The theory that President Trump is or has been a Russian asset is a popular one among his detractors. But for the first time, we’re learning that it’s something the FBI suspected strongly enough to dig into.

The Washington Post has confirmed that the FBI launched a counterintelligence inquiry into whether Trump was working for Russia shortly after Trump fired FBI Director James B. Comey in May 2017. The news was first reported by the New York Times.

Practically speaking, this may not mean a whole lot. Special counsel Robert S. Mueller III was appointed mere days later, meaning any evidence the FBI collected was likely limited. It was Mueller’s decision to continue the line of inquiry, and we don’t know whether he has. But practical concerns aside, it’s a shocking story: The nation’s leading law enforcement agency was looking into whether a sitting U.S. president was working for a hostile foreign nation. The decision was something the FBI reportedly struggled with for months, and it still has its detractors.

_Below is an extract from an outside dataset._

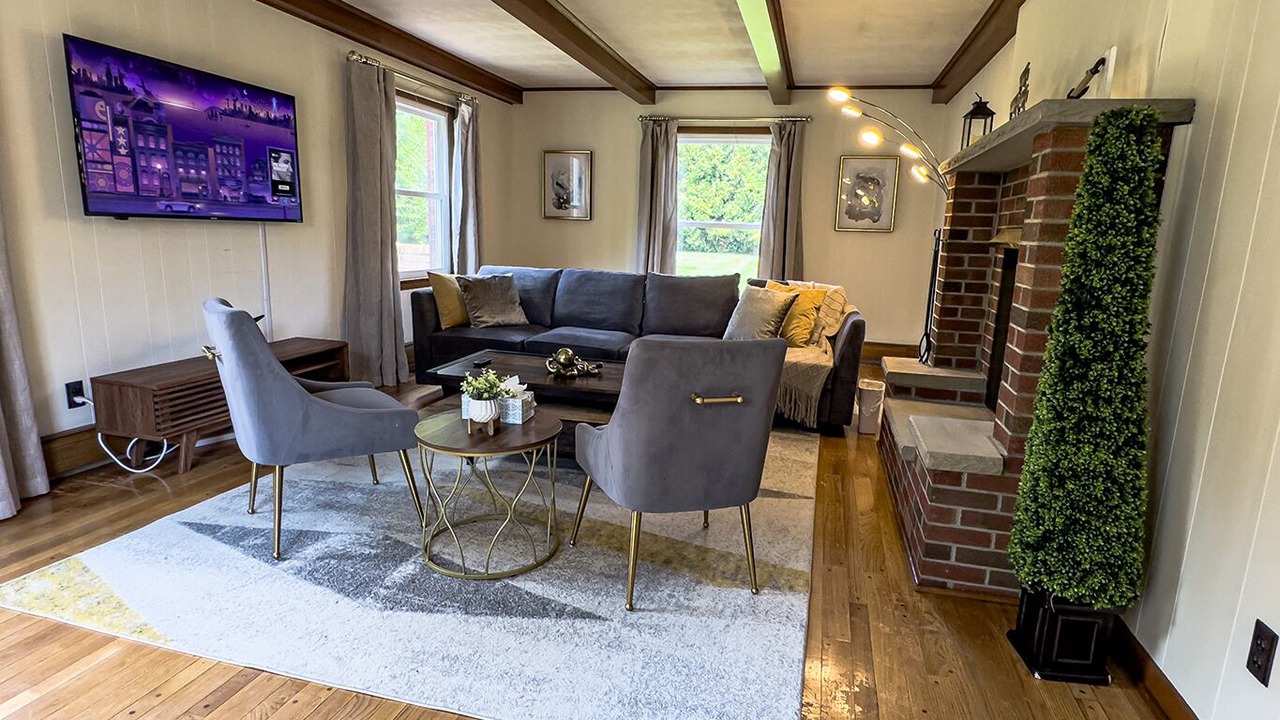 Photo of Livingroom in Princeton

But what might have led to such an extraordinary step by the FBI? And what’s the state of the evidence?

Comey’s firing was obviously the tipping point. Investigators reportedly shed their previous reservations about the inquiry after Trump’s televised admission to NBC News’s Lester Holt that the Russia investigation was on his mind when he did it. Another red flag was Trump’s attempts to include a reference to the Russia investigation in Deputy Attorney General Rod J. Rosenstein’s letter justifying the firing.


We already know that these few days contained a central event in Mueller’s investigation into whether Trump obstructed justice, but the idea that it also warranted a counterintelligence inquiry is notable. It’s one thing to deliberately hamper the investigation; it’s another to suspect Trump might have done so on behalf of Russia. Were this to ever lead to any concrete conclusions, that Holt interview will apparently have been an extraordinary misstep by Trump, who has often seemed to blurt out unhelpful statements about his true motivations.

I need to push back on that last point - the one about the "extraordinary misstep". It's not a misstep when it's intended - when it's part of the plan to do all this shit more or less out in the open. I think they do that because we're more likely to think they wouldn't do it out in the open if it's not OK.

Our conditioning is that the bad guys do their bad things under cover - that they wouldn't do those bad things in full view if those bad things were really bad.

If they just keep at it, and keep doing things little-by-little, then little-by-little, they can do whatever they want, and because we've never really objected all that much, we have everything we need to resolve our cognitive dissonance. We shrug it off - accepting their rationalizations as our own.